The back side and front side are working together, but the bottom and top also need to work together. Think of your stance as a building with the waist as the midpoint, with the legs being the foundation and the upper body the steeple. The steeple needs to stay directly on top of the foundation for control and power.
Not leaning forward, not leaning backwards which leads to being off balance.
Jeter is too out of control when he swings, as he brings his upper body forward and too far over the plate—that is causing all the weakly hit ground balls.
What you do not want to do is lean forward when you begin the swing process as this brings the hands forward with the upper body. A hitter can jam himself on inside pitches by doing this. When hitters “can’t catch up with the fastball,” bringing the hands forward with the upper body is one of the faults which contribute to that.
When pitchers are pounding you inside early in your career, your quick hands can guide the bat through the zone and you will get those extra hits to right field and up the middle.
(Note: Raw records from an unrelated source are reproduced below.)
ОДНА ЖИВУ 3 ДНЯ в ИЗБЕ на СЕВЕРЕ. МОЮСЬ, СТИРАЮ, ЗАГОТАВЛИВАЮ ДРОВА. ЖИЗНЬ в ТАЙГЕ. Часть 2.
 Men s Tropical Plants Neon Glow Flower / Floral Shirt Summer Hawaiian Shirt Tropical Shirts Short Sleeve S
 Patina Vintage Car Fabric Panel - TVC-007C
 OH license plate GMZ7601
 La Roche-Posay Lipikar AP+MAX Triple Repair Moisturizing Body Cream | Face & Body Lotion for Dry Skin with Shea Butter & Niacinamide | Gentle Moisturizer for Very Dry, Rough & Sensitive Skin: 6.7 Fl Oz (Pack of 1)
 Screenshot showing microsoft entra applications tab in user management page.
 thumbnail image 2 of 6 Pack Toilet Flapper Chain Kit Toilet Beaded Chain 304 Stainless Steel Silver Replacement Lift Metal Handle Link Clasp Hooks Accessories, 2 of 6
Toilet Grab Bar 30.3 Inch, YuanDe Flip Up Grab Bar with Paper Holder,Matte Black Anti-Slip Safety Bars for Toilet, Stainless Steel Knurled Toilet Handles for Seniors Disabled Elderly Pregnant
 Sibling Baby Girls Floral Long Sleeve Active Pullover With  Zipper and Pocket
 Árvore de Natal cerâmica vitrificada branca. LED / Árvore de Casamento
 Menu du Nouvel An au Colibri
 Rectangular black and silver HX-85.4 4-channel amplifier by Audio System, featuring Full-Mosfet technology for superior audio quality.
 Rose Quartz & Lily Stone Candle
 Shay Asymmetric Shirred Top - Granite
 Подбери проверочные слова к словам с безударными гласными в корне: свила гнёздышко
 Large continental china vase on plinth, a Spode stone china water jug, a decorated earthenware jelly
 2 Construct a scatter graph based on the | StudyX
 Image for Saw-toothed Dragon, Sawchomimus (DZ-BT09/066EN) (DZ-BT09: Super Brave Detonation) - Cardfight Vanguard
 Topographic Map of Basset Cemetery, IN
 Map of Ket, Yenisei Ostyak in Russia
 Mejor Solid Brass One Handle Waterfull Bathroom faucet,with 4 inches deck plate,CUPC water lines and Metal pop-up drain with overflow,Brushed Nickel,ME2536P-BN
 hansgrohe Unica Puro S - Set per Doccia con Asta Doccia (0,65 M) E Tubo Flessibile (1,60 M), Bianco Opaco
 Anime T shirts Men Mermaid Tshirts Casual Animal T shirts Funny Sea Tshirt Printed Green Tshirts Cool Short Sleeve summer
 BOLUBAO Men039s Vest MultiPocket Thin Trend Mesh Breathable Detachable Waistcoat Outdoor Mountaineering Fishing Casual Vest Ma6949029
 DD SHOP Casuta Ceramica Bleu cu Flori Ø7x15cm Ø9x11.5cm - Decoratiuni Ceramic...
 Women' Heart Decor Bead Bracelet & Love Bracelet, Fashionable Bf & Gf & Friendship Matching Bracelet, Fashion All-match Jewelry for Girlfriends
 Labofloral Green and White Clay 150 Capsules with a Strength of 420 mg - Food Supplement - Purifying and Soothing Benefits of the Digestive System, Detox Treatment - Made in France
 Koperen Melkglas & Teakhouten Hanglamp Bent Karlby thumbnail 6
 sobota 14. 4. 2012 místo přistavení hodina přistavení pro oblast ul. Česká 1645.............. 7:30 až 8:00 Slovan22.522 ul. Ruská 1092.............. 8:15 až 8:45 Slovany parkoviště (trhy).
But when your hands and bat slow down, those extra hits become dribbling ground balls and weak pop ups.
When I played in my late 30′s – early 40′s, my bat became slower and I had to compensate for my slowness by being more of a location hitter and starting my swing early. Since these college pitchers (and catchers) were throwing me inside, I had to “cheat” by looking inside and committing earlier than normal.
In college and up into my mid 30′s, I was a gap-to-gap guy, but ended up more of a pull hitter later in my career.
While it will not happen this year, Jeter needs to change his hitting approach after this season.
Jeter needs to begin to alter his swing and keep his upper body back more. That will help him become a better hitter by using his legs more to get around on that inside pitch. Early in the count, Jeter might want to begin to become a “location hitter.”
When he is looking for an inside pitch, Jeter usually gets around on it and makes better contact.
There have been stories that Jeter still wants to hit his way and does not seek much guidance from Yankee hitting coach Kevin Long. Guys like Alex Rodriguez, Nick Swisher and Robinson Cano eat up all the info from Long, but Jeter goes about things on his own.
That will change.
Seeing the effect that Long has had on all the above guys and with the recent quick results with Curtis Granderson, I bet Jeter works with Long over the offseason and comes back strong again next year.
Just like he got better two seasons ago with his defense by getting in better playing shape, Jeter’s pride to become better and not fall off will be too much not to seek Long’s help. Jeter has his pride, but is too smart to continue to let that get in the way of improving.
He will improve his game over the winter, the same way he has done it over the years. He is the perfect player, not doing much of anything incorrectly.
Jeter is so good at being a professional that the media took to having to rip him for not showing up at Bob Sheppard’s funeral. There was nothing else, until now with this late season hitting slump.
I believe that many people really want Jeter to fail, to have his skills erode so they can write him off. Jeter is the perfect player who has succeeded at most everything his entire life. He is a winner, a guy you can’t quantify via “advanced” statistical analysis.
Derek Jeter is a guy who has many big hits and great moments in his career, but according to his critics, might have been nothing more than a singles hitter with limited range on defense.
Overrated they say. But overrated players do not help their organization win five World Series titles, get to two others, and compile over 3,000 career hits over a 15 plus year HOF career.
As Yankee fans our BABIP has been high because we are “lucky” Jeter played in pinstripes all these years.
He will continue to do so in the future, for as many years as he wants.
Just let him play, finally adjust, and do his thing.